Well, if you take in all the ‘fire sales’, sherrif sales and exchanges that happen for almost nothing, the average gets dinged - big time. It is drug down, and it skews what is happening to the regular house that is just up for sale as regular business. In a bad housing market, there are some ridiculously low prices that ring up, from families bailing out for foreclosers, auctions and just one low ball deal to the next. These sales do not afffect the median — they are removed. These proprty transactions drag the average down.

To someone who is just trying to sell a home and move, the median has all the meaning. To someone with their pulse on the market, the average shows there is trouble and some really low ball deals out there from people taking short sales on desperation to sherrif and foreclosuer exchanges.

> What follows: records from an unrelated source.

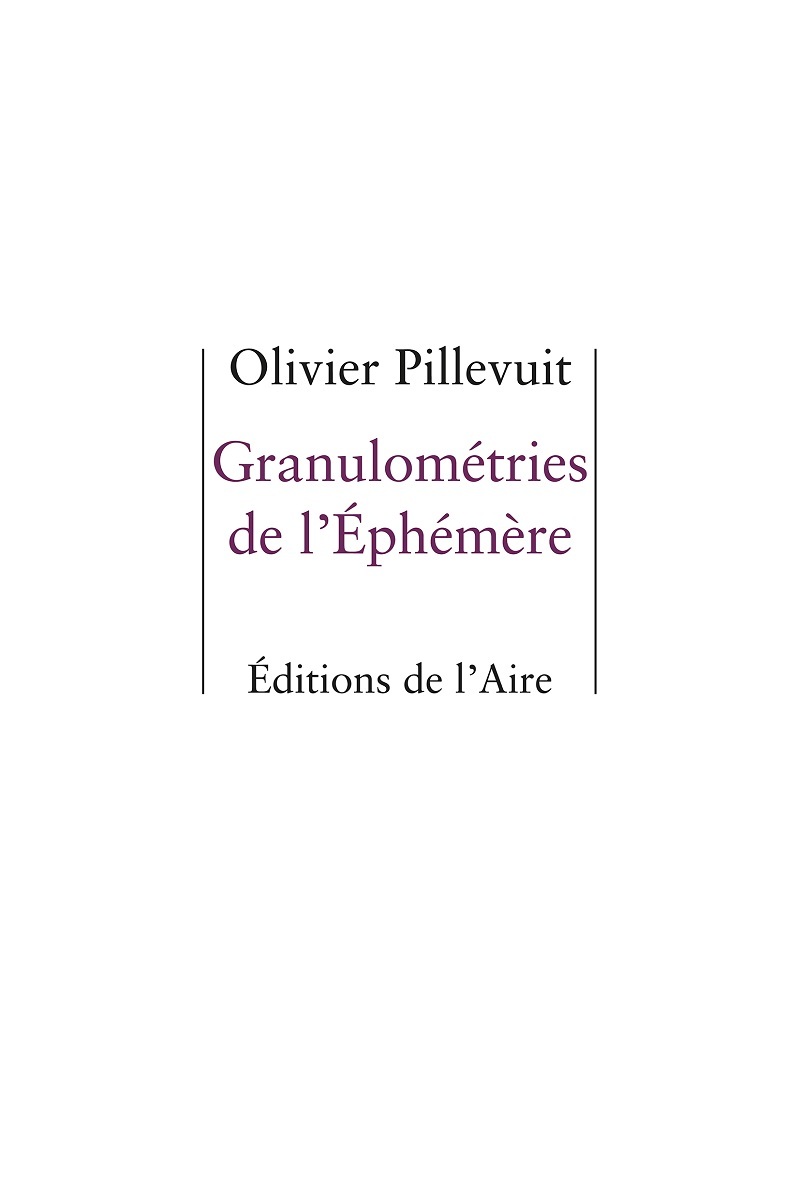 GRANULOMETRIES DE L'EPHEMERE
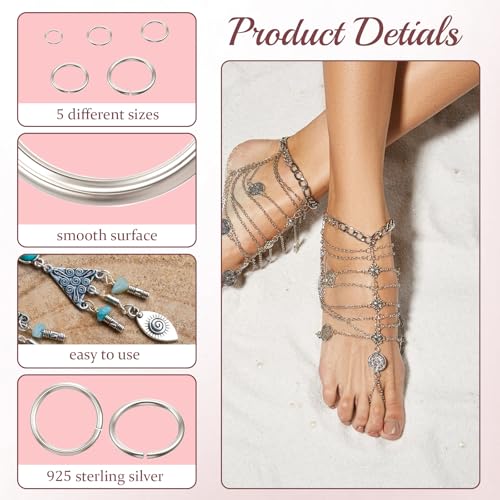 Giantree 20 Pcs 925 Sterling Silver Open Jump Rings, Jewelry Connecting Rings, Sizes 4mm, 5mm, 6mm, 7mm, 9mm, Round Clasps Suitable for DIY Earrings, Necklaces, Bracelets, and Repair Supplies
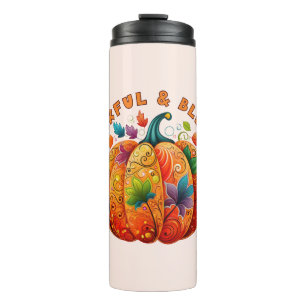 Thankful and Blessed Autumn Pumpkin Thermal Tumbler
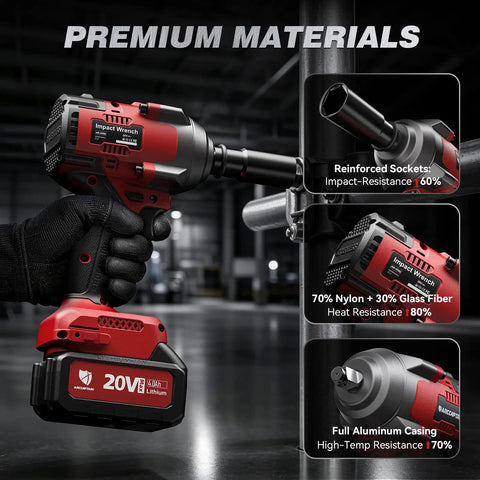 Heavy Duty Cordless Impact Wrench With Beefy Torque And No Sweat Operation 1350 Nm High Output Battery powered impact wrench with reinforced sockets.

Typical average Joe: watch the median

Wanna be a broker? watch the average, too.

Averages are very deceptive, and using the median can help correct the deception. However, you might be smart to watch the average (say you are a loan officer for a mtg company, or you are speculating on real estate, or maybe want to invest, etc)

The median has a perfectly legitimate claim to the “average measure” too and is the best fit for lots of data set summaries (the others are the “mean” which people sometimes gravitate to as the true “average measure” for little good reason and the mode which is pretty crappy for most things).

Medians are much more stable than means and often provide a more realistic picture of what is happening in the middle as opposed to the mean which can easily get distorted by unusual things at both ends of the curve. Income is another thing that is usually reported as a median with good reason.

Let’s say you live in a tiny hamlet with only four other families. It is a very poor place but strikingly beautiful and attractive for people who want to escape the pressure once and for all.

Household incomes for each household in town are:

  1. 20,000
  2. 21,000
  3. 22,000
  4. 23,000
  5. 24,000

The mean household income is $22,000 and the median is $22,000.

Perfect statistics you think.

Now Bill Gates gets fed up with all this computer crap and decides to become a mountain man and move to this place but he still has his various investments of course. He buys the cabin from family 5 above.

After he moves in, household incomes for each household in town are:

  1. 20,000
  2. 21,000
  3. 22,000
  4. 23,000
  5. 1,000,000,000

The new mean income for this town. is:

$200,017,200 which suggests that any income summary statistic will report this little place as by far the most wealthy town ever known on earth by far if we use the mean even though Bill Gates just wanted to hang up and hunt bears for a while.

However, when we use the median, household income is still $22,000 (middle value in the sort above) . This is an extreme illustration of distortion caused by outliers but it is a very real effect and can distort the mean severely while the reality doesn’t reflect that nearly as well as using the median.

The other posters seemed to answer why the median is used. Now, to answer why your averaging wasn’t working. Presumably the cities in the counties in question did not all have the same number of sales throughout the course of the year. Thus, when you take a straight average of them, you are effectively giving more weight to the cities with fewer sales.

For an idealized example, imagine City A and City B both with a median sale price of $150K last year. This year, City A has 100 sales year evenly distributed from $115K to $215K with a median of $165K (+10%) and City B has 10 sales evenly distributed from $85K to $185K with a median of $135K (-10%). If we just average them, it would appear to be no net change, but the actual median price countywide would be $163K (+8.7%).